If you have been reading my blog for any length of time there are some thing you are bound to know about me:
1. Foremost, I am fat. Not as fat as I once was, but still fat. Obese. Yeah.
2. I am a glutton for punishment in many areas of my life.
3. I yo-yo between great motivation and even greater self abhorrence
4. I have intense opinions on various subjects and often speak about them here regardless of the controversy it may provoke.
So, this post will probably include a lot of what we already know about me. I am not sure how my words will be interpreted. Whiny? Complaining? Full of self pity? Confusing? All over the place? Random rambling? I don't know, but I feel the need to get it out.

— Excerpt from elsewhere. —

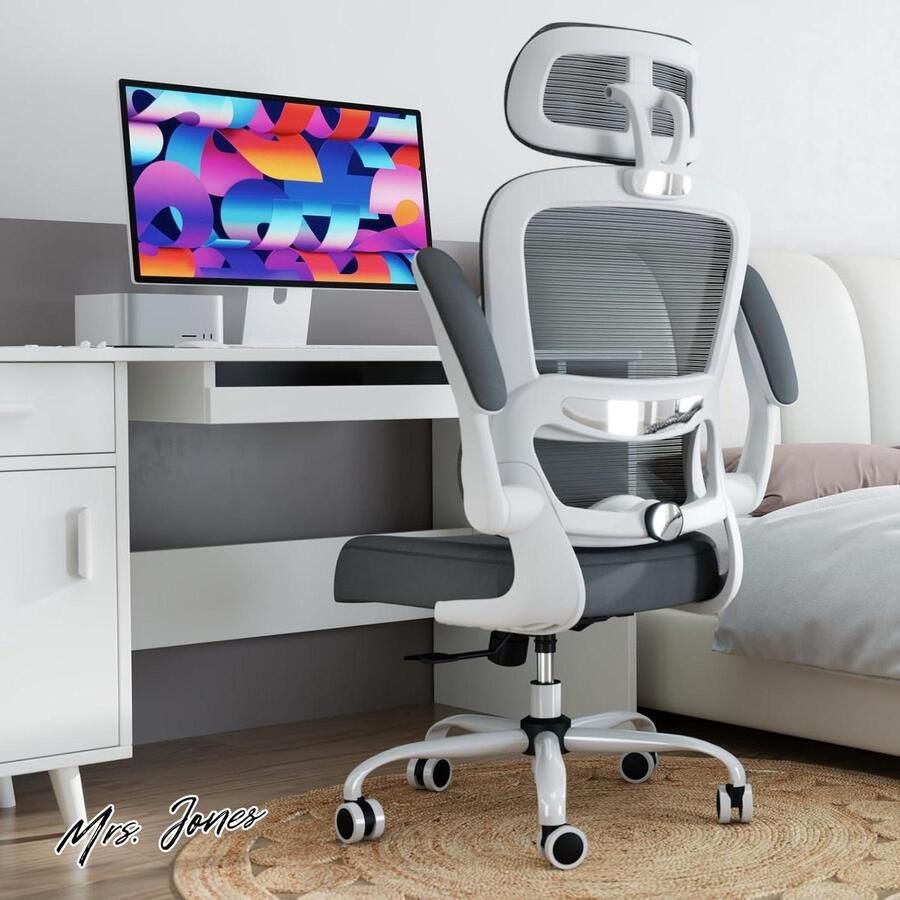 Mrs. Jones Bureaustoel hoogte verstelbaar draaistoel grijs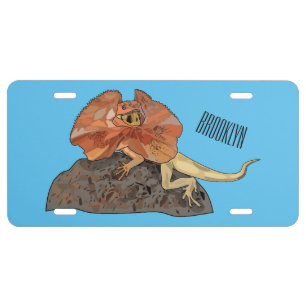 Frilled-neck lizard cartoon illustration license plate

If you have been reading for any length of time you know that I was in the process of divorcing from my husband.
I'm not anymore.
In come the gasps and the eye rolls and a myriad of other horrified reactions and I don't blame you. They are all merited.
My husband begged me to reconsider. I spoke with my attorney about it and she told me that she would hold my case exactly where it is if I decided that things could not be reconciled.
I guess I should write exactly what I am feeling and right now my emotions, feelings, etc. are on a literal roller coaster. 5 minutes ago I was very motivated to write this post. I felt passionate about the things I wanted to say but something clicked over and my 'who the hell cares' attitude just swallowed me.
Why am I writing this?
It would be nice if it was continuously cathartic to blog but my mind's definition of cathartic seems to change with the wind.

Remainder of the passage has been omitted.